### Extracted records
==*==

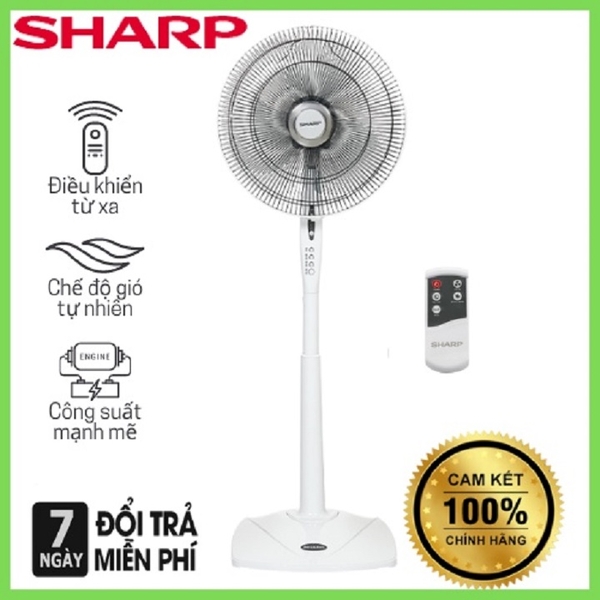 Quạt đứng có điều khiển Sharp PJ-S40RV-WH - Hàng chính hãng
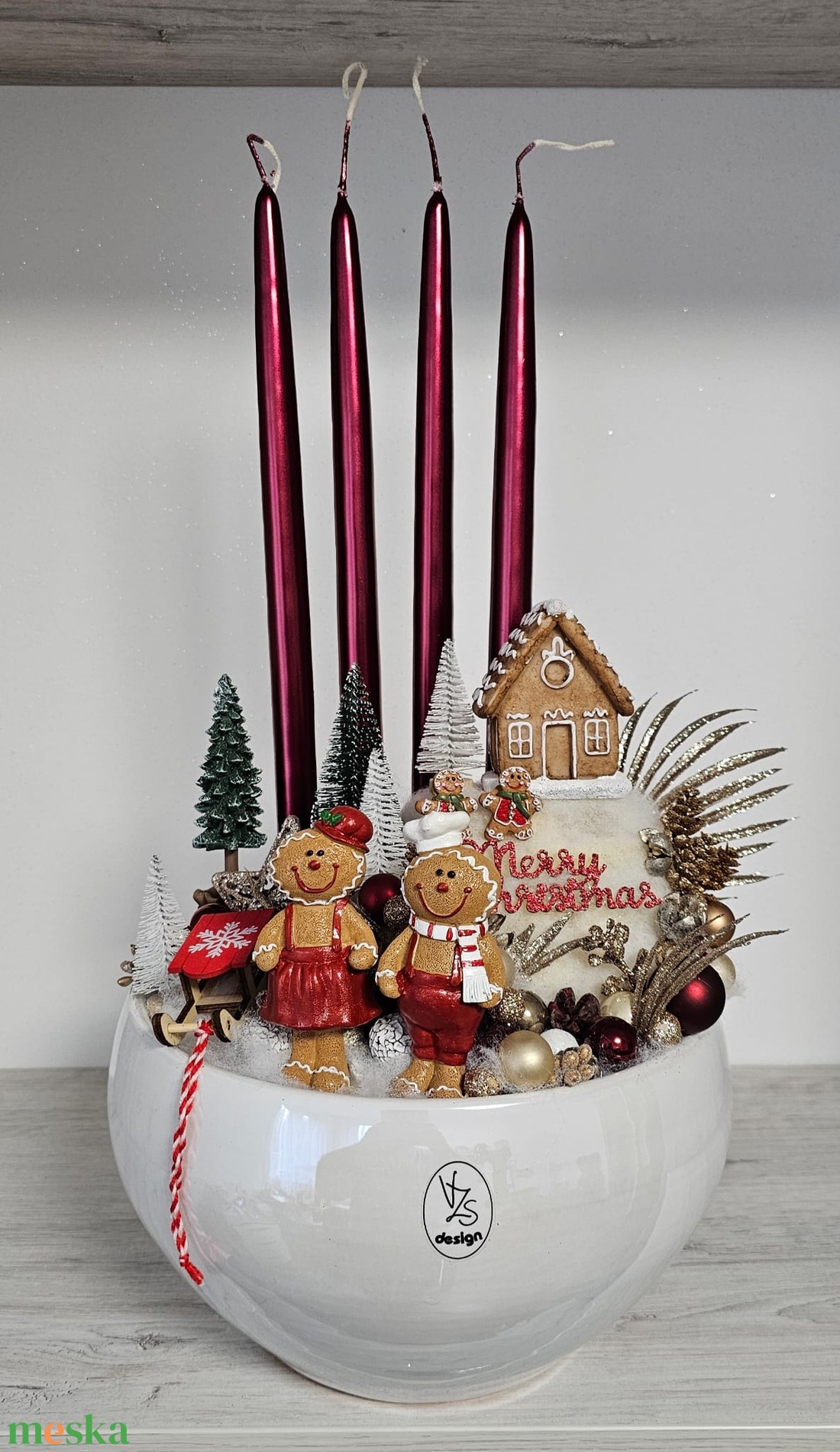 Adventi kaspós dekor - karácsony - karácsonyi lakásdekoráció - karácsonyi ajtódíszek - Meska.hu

==*==

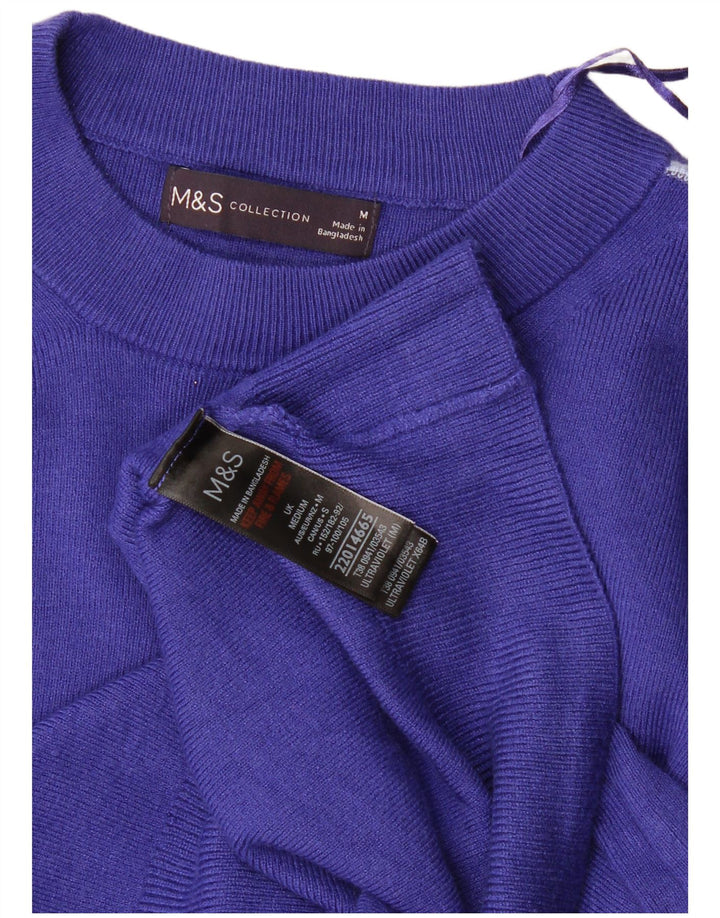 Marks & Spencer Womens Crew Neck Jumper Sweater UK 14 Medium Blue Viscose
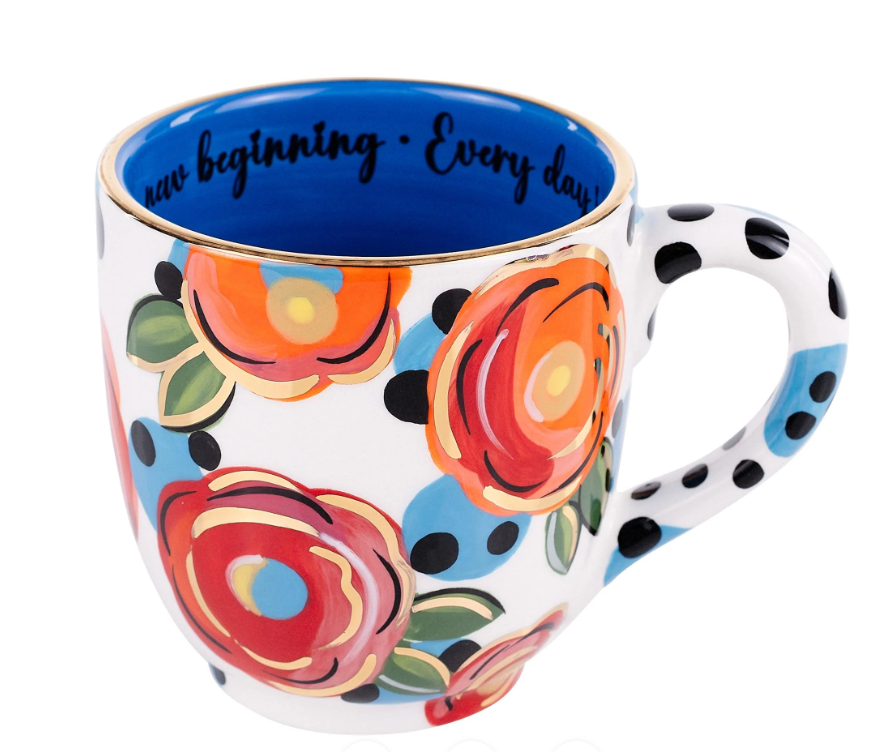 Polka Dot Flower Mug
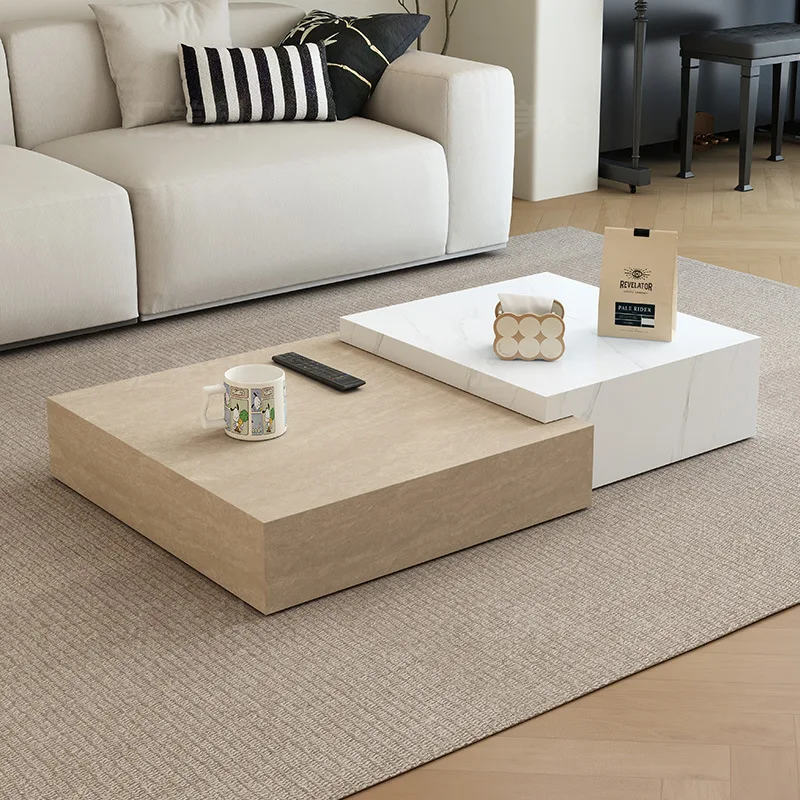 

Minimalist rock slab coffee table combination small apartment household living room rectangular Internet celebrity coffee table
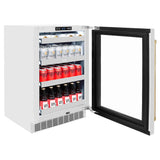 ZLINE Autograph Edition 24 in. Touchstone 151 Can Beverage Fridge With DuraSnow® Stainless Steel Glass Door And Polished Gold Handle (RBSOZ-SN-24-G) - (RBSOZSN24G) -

==*==

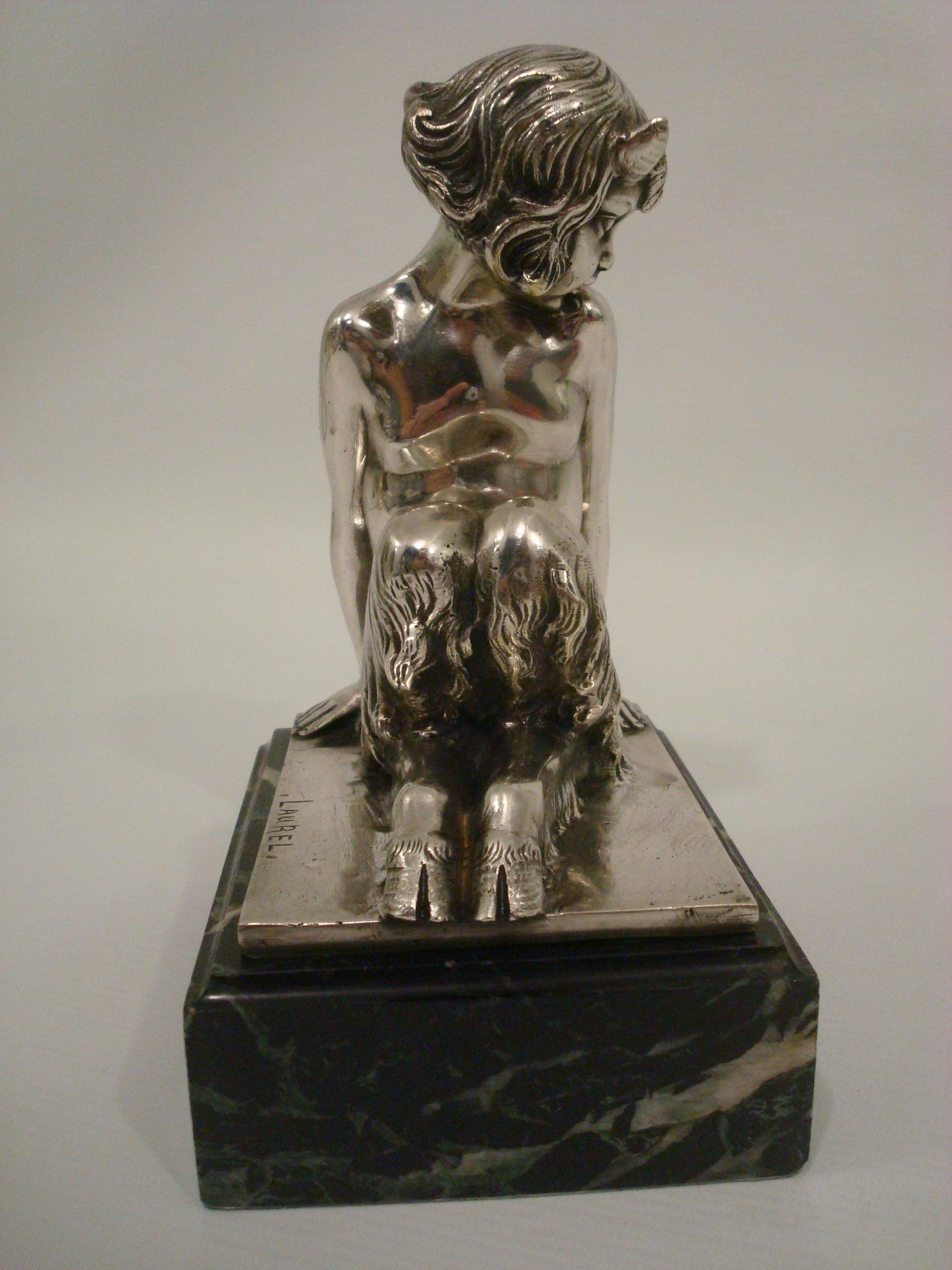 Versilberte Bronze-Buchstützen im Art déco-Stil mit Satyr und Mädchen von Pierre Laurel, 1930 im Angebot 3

==*==

### Problem statement
Starting with the line that has "Quạt đứng có" and going on through the line that has "Adventi kaspós dekor", transcribe the records above exactly, but skip the pictures.

### Exercise response
 Quạt đứng có điều khiển Sharp PJ-S40RV-WH - Hàng chính hãng
 Adventi kaspós dekor - karácsony - karácsonyi lakásdekoráció - karácsonyi ajtódíszek - Meska.hu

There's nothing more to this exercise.